**TASK BRIEF**
Quote all entries exactly, leaving pictures aside.
============================================================
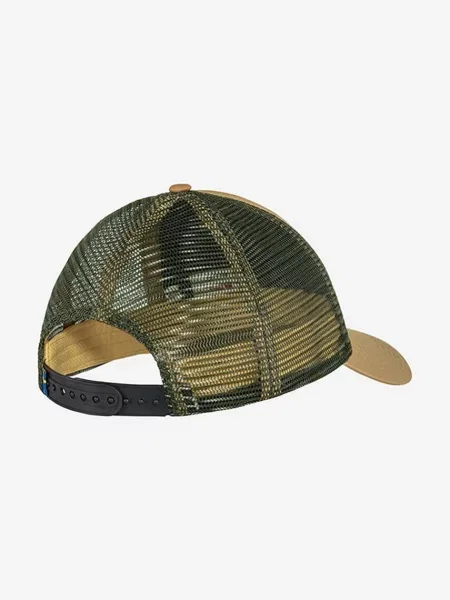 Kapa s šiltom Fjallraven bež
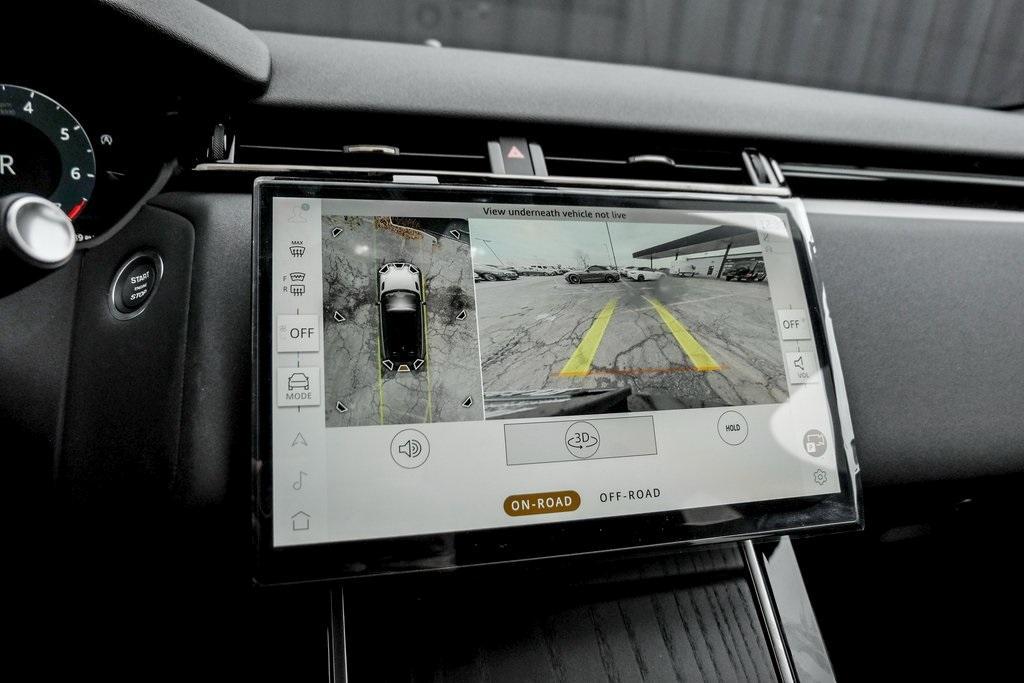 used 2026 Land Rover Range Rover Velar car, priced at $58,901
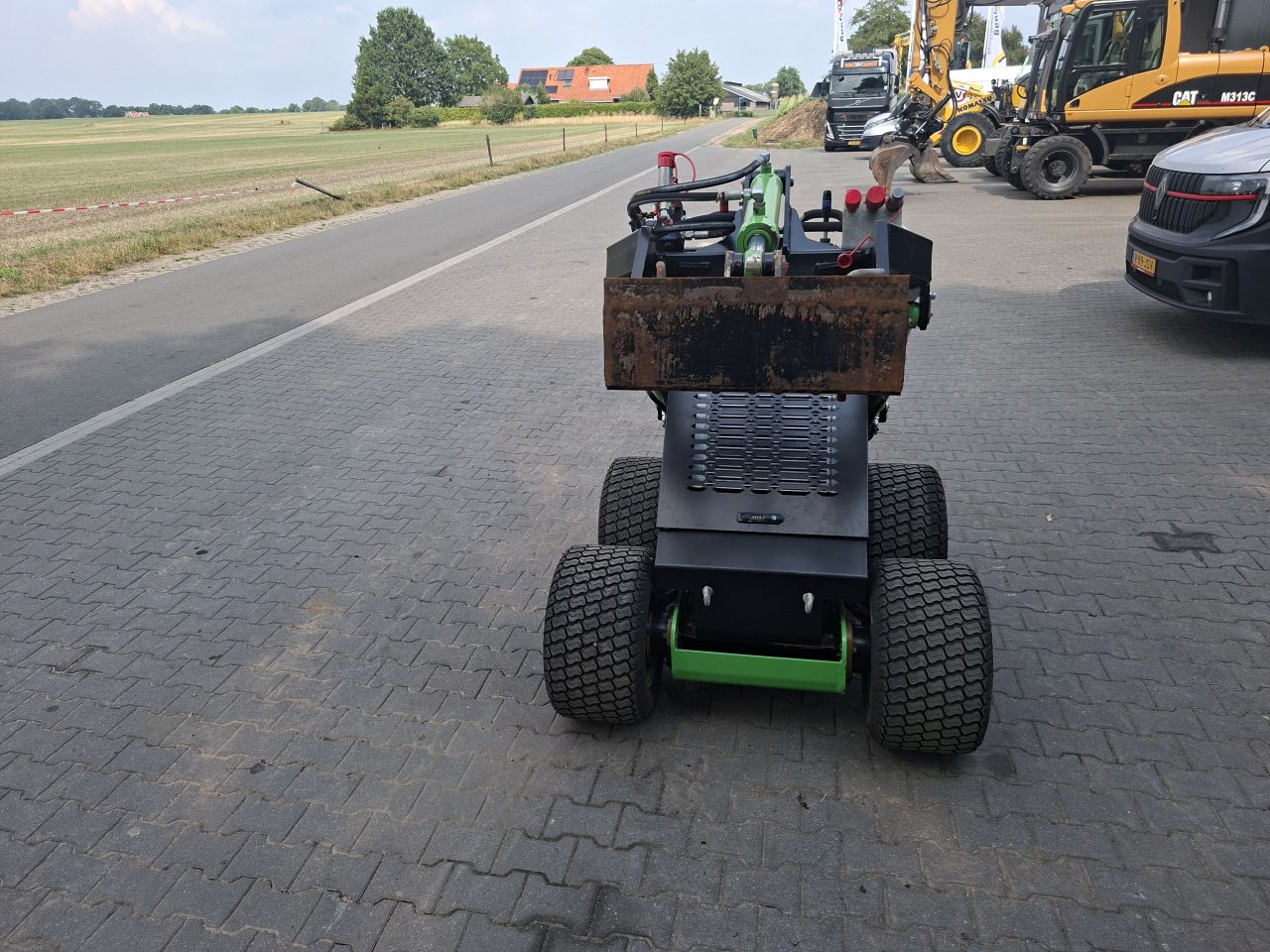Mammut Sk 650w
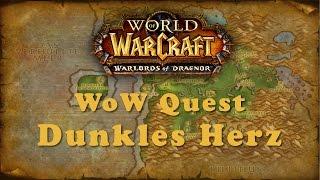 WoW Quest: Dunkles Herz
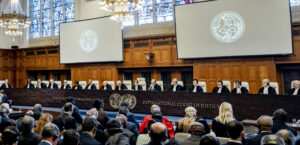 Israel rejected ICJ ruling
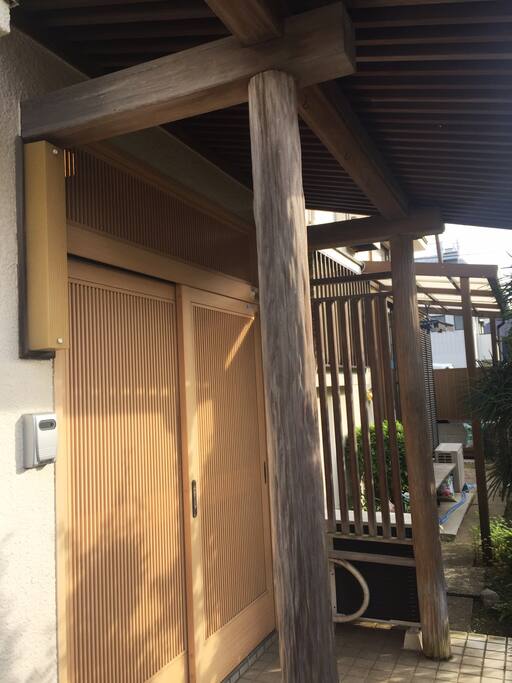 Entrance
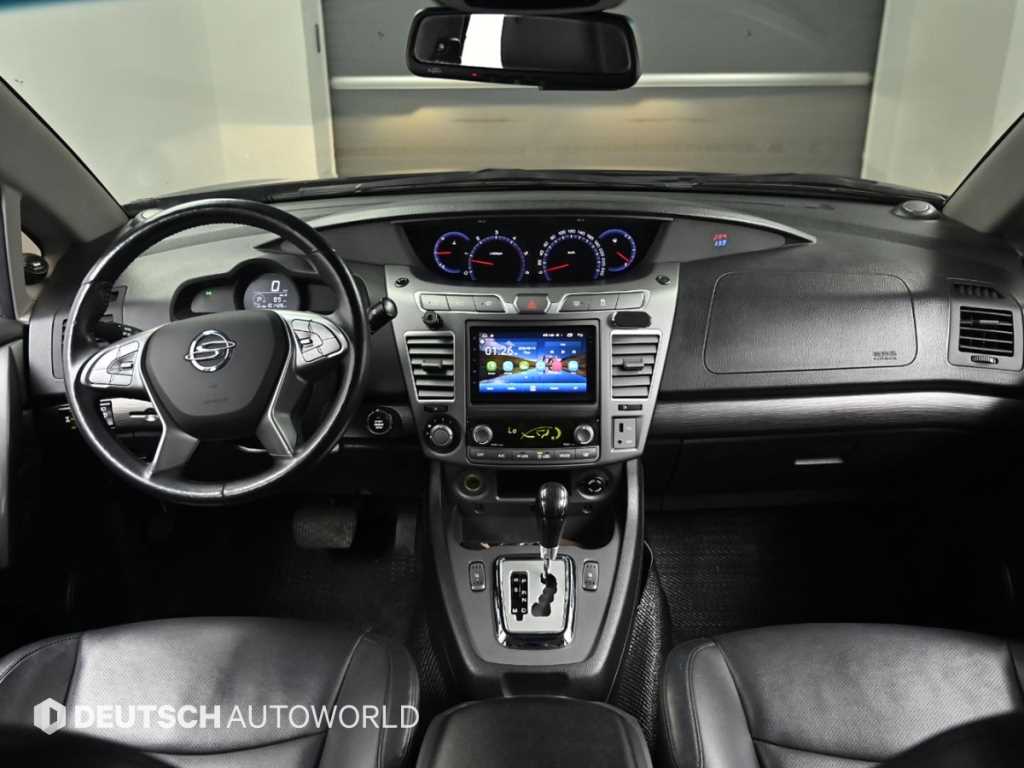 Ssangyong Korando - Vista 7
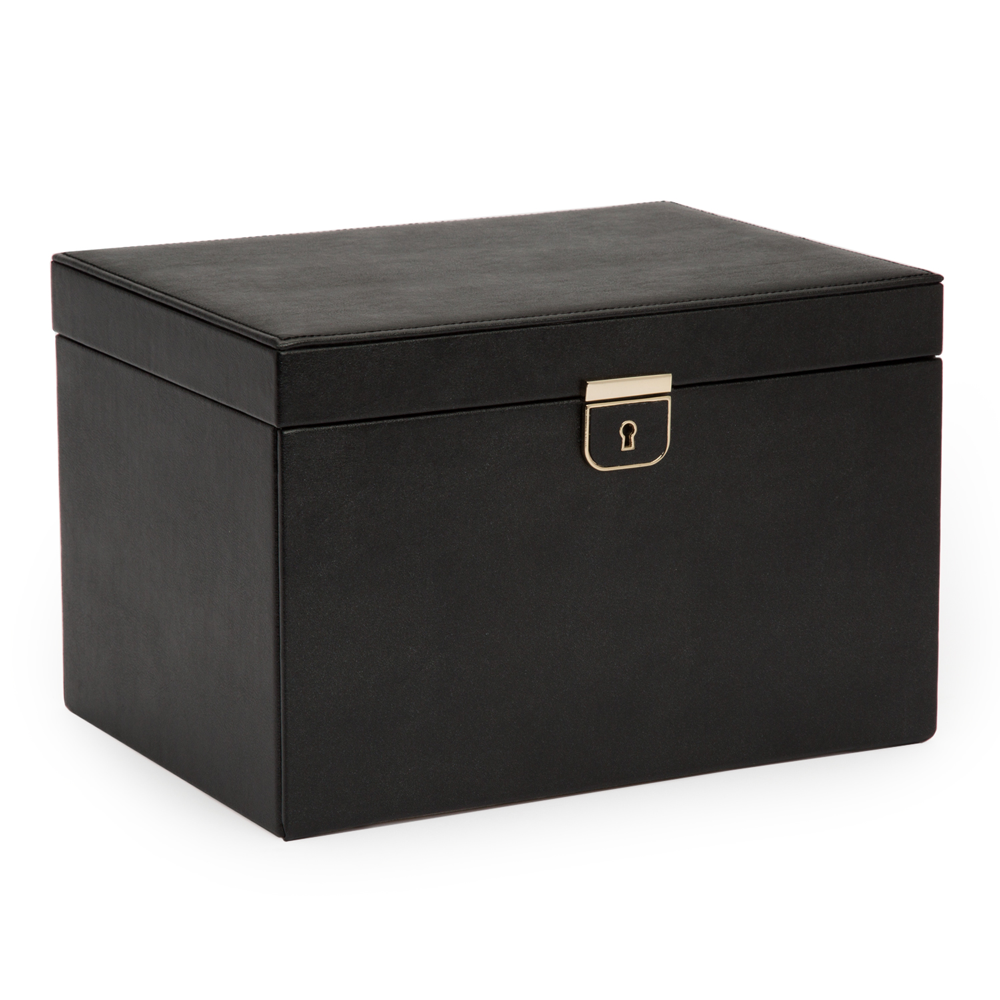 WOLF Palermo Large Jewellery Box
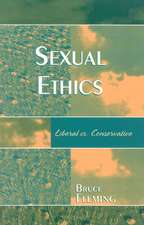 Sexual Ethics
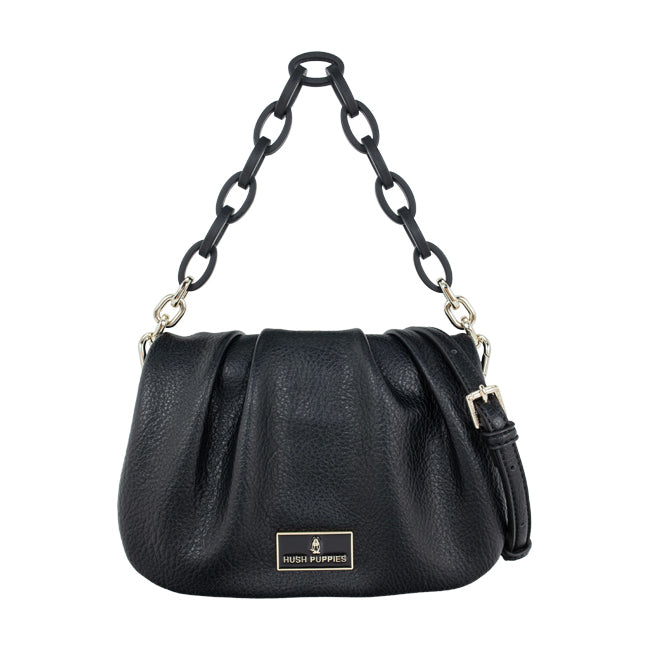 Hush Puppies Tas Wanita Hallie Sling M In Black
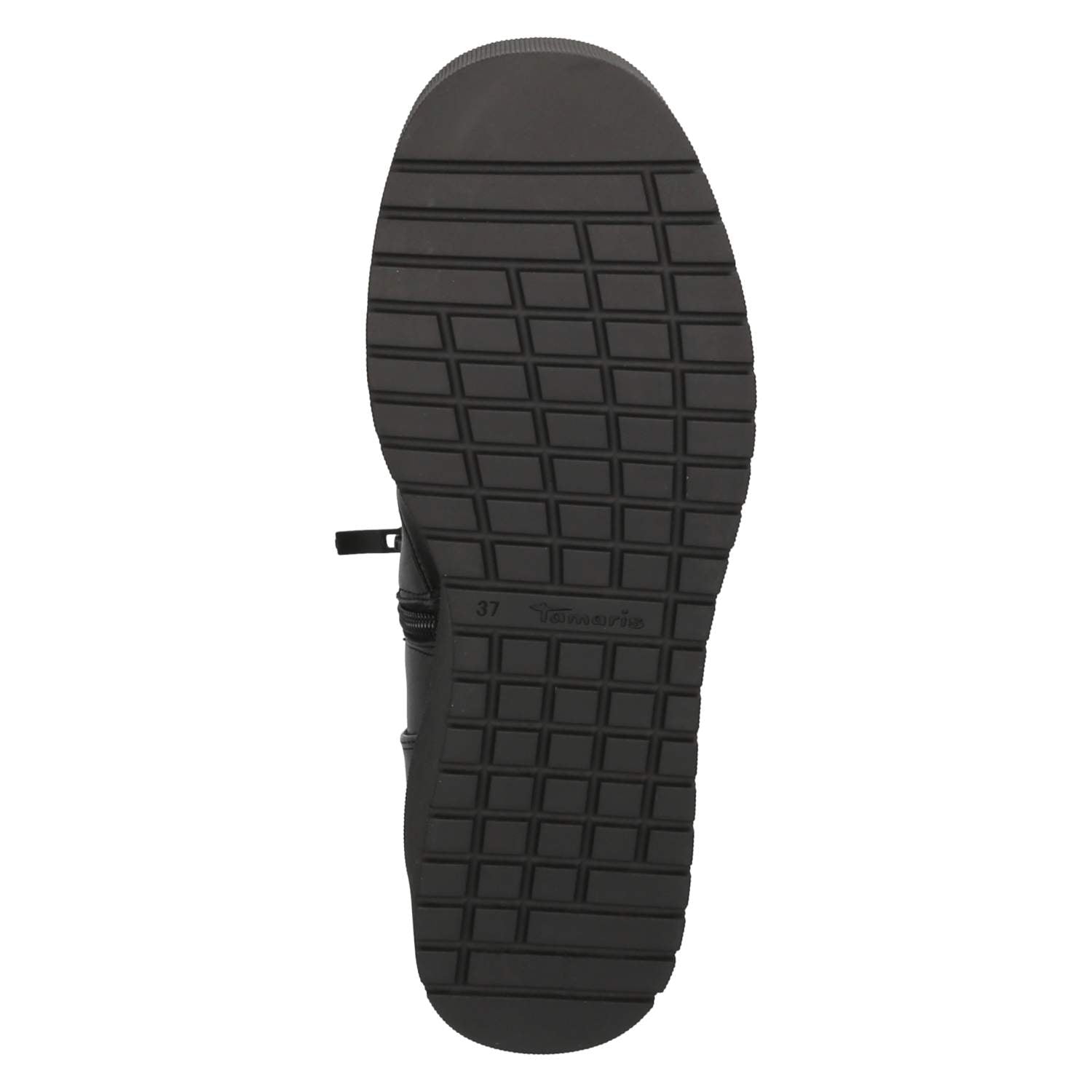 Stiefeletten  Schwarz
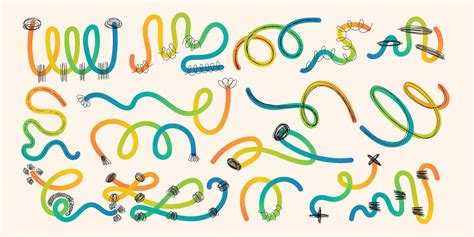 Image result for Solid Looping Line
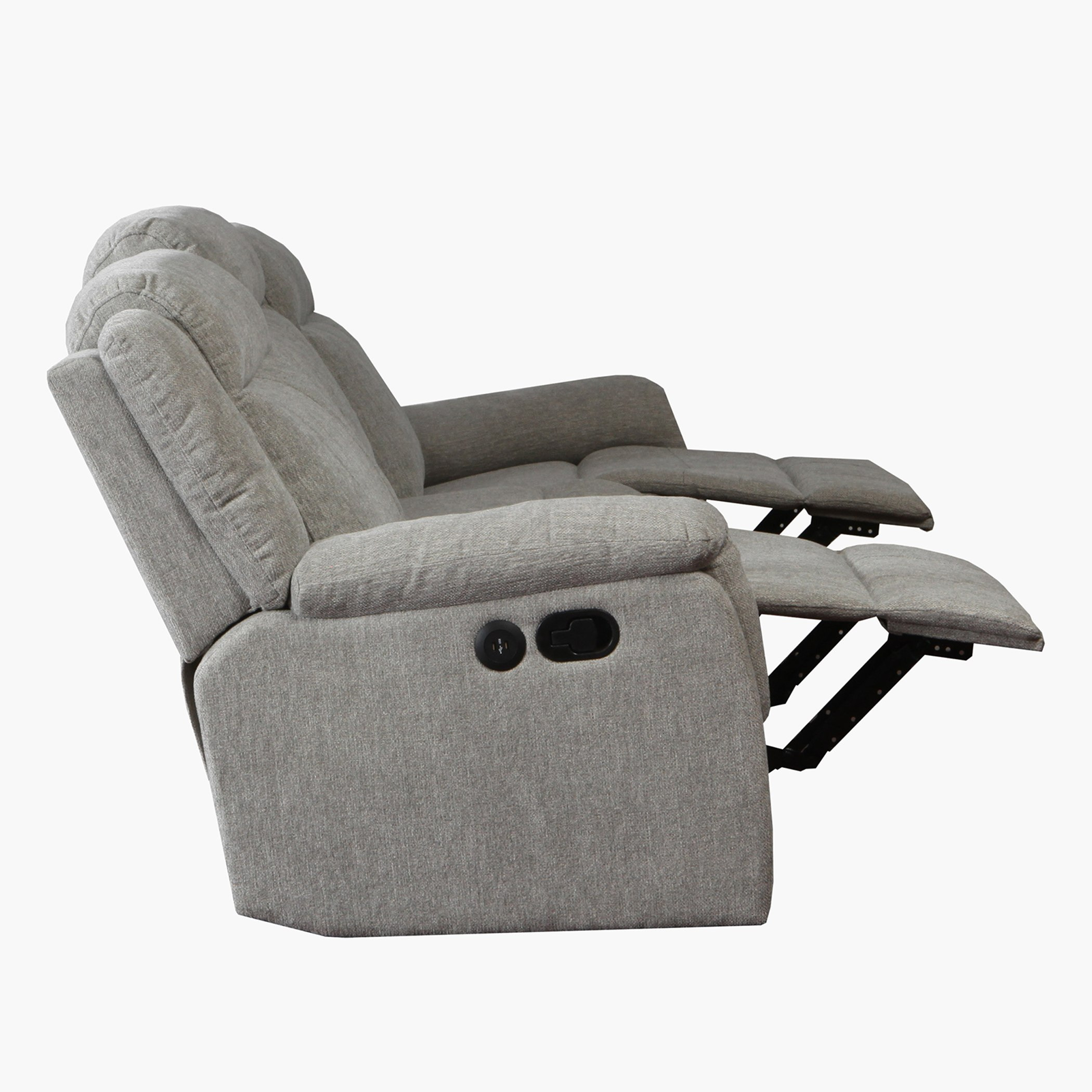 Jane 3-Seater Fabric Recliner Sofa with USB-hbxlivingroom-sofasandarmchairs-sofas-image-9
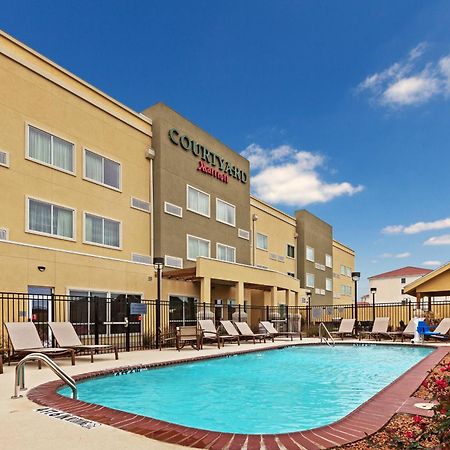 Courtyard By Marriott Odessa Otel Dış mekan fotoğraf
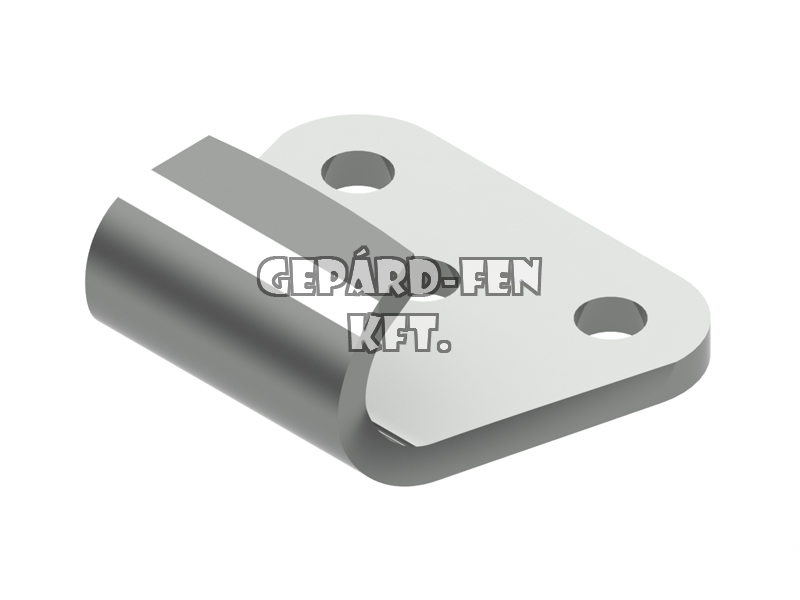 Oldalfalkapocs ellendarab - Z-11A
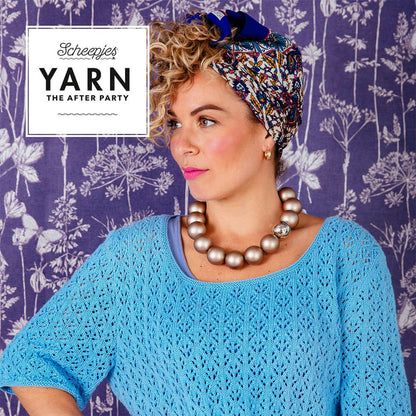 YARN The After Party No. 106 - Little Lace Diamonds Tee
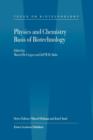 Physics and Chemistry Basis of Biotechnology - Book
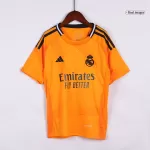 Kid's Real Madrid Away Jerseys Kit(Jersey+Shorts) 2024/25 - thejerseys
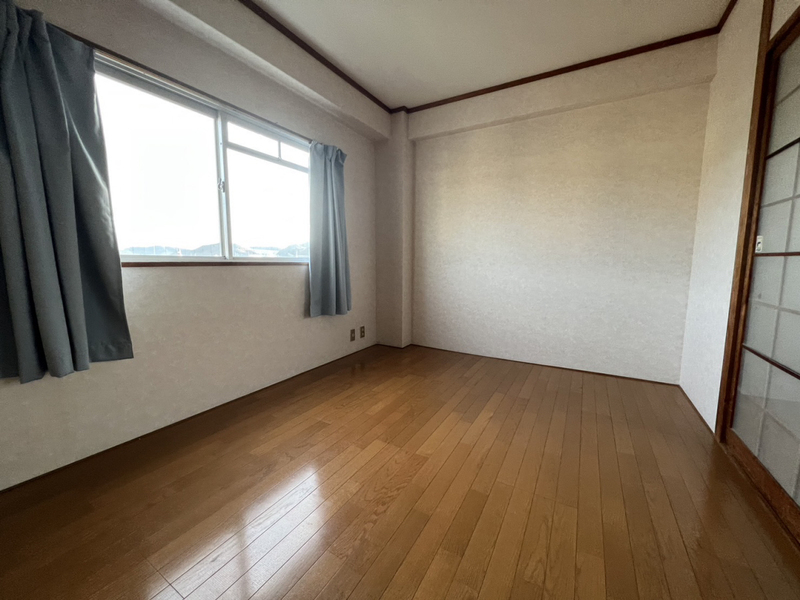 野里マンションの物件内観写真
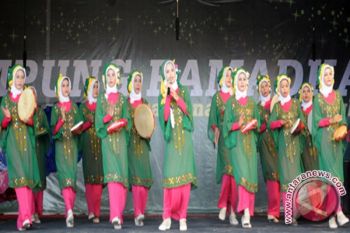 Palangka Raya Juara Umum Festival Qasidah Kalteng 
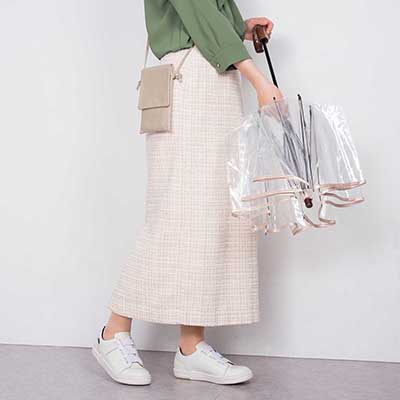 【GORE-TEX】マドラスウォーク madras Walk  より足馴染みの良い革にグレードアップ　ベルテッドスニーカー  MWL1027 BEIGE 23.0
============================================================
**SOLUTION TO THIS TASK**
 Kapa s šiltom Fjallraven bež
 used 2026 Land Rover Range Rover Velar car, priced at $58,901
Mammut Sk 650w
 WoW Quest: Dunkles Herz
 Israel rejected ICJ ruling
 Entrance
 Ssangyong Korando - Vista 7
 WOLF Palermo Large Jewellery Box
 Sexual Ethics
 Hush Puppies Tas Wanita Hallie Sling M In Black
 Stiefeletten  Schwarz
 Image result for Solid Looping Line
 Jane 3-Seater Fabric Recliner Sofa with USB-hbxlivingroom-sofasandarmchairs-sofas-image-9
 Courtyard By Marriott Odessa Otel Dış mekan fotoğraf
 Oldalfalkapocs ellendarab - Z-11A
 YARN The After Party No. 106 - Little Lace Diamonds Tee
 Physics and Chemistry Basis of Biotechnology - Book
 Kid's Real Madrid Away Jerseys Kit(Jersey+Shorts) 2024/25 - thejerseys
 野里マンションの物件内観写真
 Palangka Raya Juara Umum Festival Qasidah Kalteng 
 【GORE-TEX】マドラスウォーク madras Walk  より足馴染みの良い革にグレードアップ　ベルテッドスニーカー  MWL1027 BEIGE 23.0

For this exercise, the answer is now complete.